DMARC Analyzer

Sendry ingests DMARC aggregate reports and renders a digest of which source IPs are passing DKIM / SPF alignment for each of your domains. Use this to spot misconfigured forwarders, third-party senders missing DKIM, or unauthorized senders pretending to be you.

Publishing a DMARC record

Before receivers will mail you reports, you need a DMARC record on your sending domain:

_dmarc.example.com  TXT  "v=DMARC1; p=none; rua=mailto:dmarc@example.com"

• p=none — monitoring mode, no action taken on failing mail. Start here.
• rua=mailto: — the address that should receive aggregate XML reports.

Once published, Google, Microsoft, Yahoo, and other large receivers will start mailing daily aggregate reports to the rua address. Forward them into Sendry via either of the two flows below.

Option 1 — Upload reports manually

1. In the Sendry dashboard, go to Deliverability → DMARC.
2. Click Upload report and pick the .xml or .xml.gz attachment from the receiver's email.
3. The page refreshes with the new source-IP breakdown.

The dashboard upload uses POST /v1/dmarc/reports under the hood. You can call this directly from any script:

curl -X POST https://api.sendry.online/v1/dmarc/reports \
  -H "Authorization: Bearer $SENDRY_API_KEY" \
  -F "file=@google.com!example.com!1715731200!1715817600.xml.gz"

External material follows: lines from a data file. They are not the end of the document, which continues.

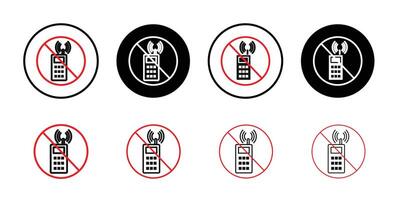 ISO 7010 No activated mobile phone icon logo sign set outline vector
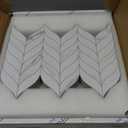 SUNWINGS 10-Sheet Leaf Waterjet Peel and Stick Backsplash, 12.4" x 10.7" White Marble Looks Self-Adhesive Tiles, Stick on Backsplash for Kitchen & Bathroom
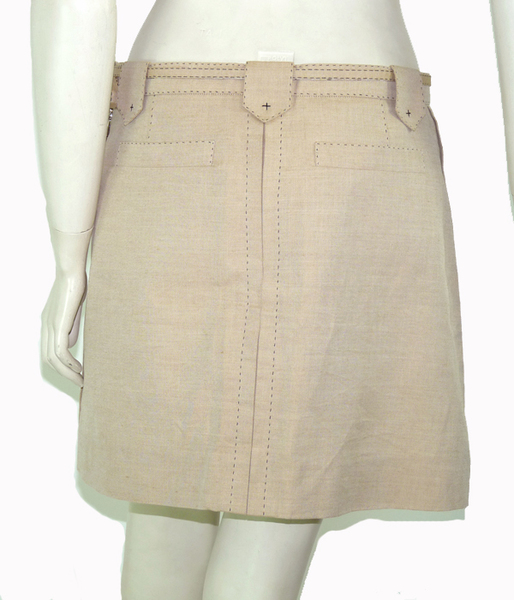 Mini-jupe Guess En Lin-coton Vert Taille 36 - Excellent état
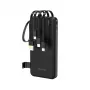 Dudao K11 10000mAh Powerbank su įmontuotais kabeliais, juoda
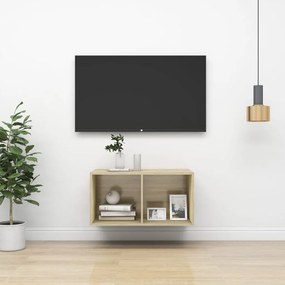vidaXL Έπιπλο Τηλεόρασης Κρεμαστό Sonoma Δρυς 37x37x72 εκ. Επεξ. Ξύλο
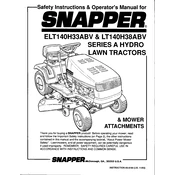 Snapper Series A ELT140H33ABV Tractor manual cover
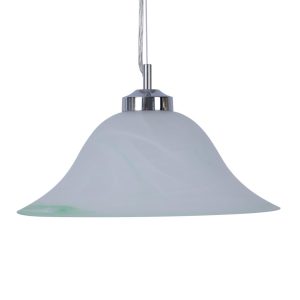 Bela 1 Light Art Deco Glass Pendant Small Green - 91602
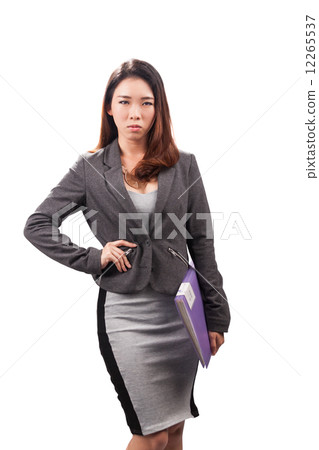Angry Asian female executive with displeasure look Angry Asian female executive with displeasure look 12265537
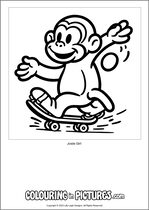 Free printable monkey themed colouring page of a monkey. Colour in Josie Girl.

The response identifies the parsed report and indicates whether it was a duplicate of one already ingested (matched on reporter + report_id):

{
  "report_id": "dmarc_report_5n3Q…",
  "reporter": "google.com",
  "domain": "example.com",
  "date_begin": "2026-05-14T00:00:00.000Z",
  "date_end": "2026-05-15T00:00:00.000Z",
  "record_count": 12,
  "duplicate": false
}

Both raw XML and gzipped XML (.xml.gz) are accepted — Sendry detects the gzip magic header and decompresses transparently. The upload size limit is 10 MB.

Option 2 — Pipe reports from inbound email

If you've configured Sendry's inbound email routing, you can point the rua= address at a Sendry-managed mailbox and reports will be ingested automatically as they arrive. The dmarc-ingest BullMQ worker picks up each .xml.gz attachment, decompresses it, parses it, and inserts the records.

This path is asynchronous, so duplicates are still de-duplicated server-side on (org_id, reporter, report_id).

Endpoints

Method	Path	Description
POST	/v1/dmarc/reports	Multipart upload — accepts .xml or .xml.gz (10 MB max).
GET	/v1/dmarc/reports	List ingested reports (cursor-based, ?domain=&limit=).
GET	/v1/dmarc/summary	Pass/fail digest per source IP (?domain=&days= — default 7, max 90 days).

All three endpoints require full_access scope for the upload and read_only scope for the GETs.

What the summary shows

For each (source_ip, domain) bucket, Sendry returns:

• Total — number of messages reported in the window.
• Pass / Fail — counts where DKIM or SPF aligned, following the DMARC RFC's any-aligned semantics for treating a message as authenticated.
• DKIM pass / SPF pass — per-mechanism pass counts.
• Disposition — the receiver's chosen action (none, quarantine, reject).
• Last seen — the most recent report's date range end.

The dashboard caps the displayed bucket list at the top 200 source IPs by message volume, so the page stays snappy even for very high-volume senders.

What it doesn't do

• No automated remediation — DMARC findings are read-only. Use the data to harden DKIM / SPF, then re-run the analysis after a few days of fresh reports.
• No forensic (RUF) report parsing yet — only RUA aggregate reports. Most receivers have deprecated RUF anyway.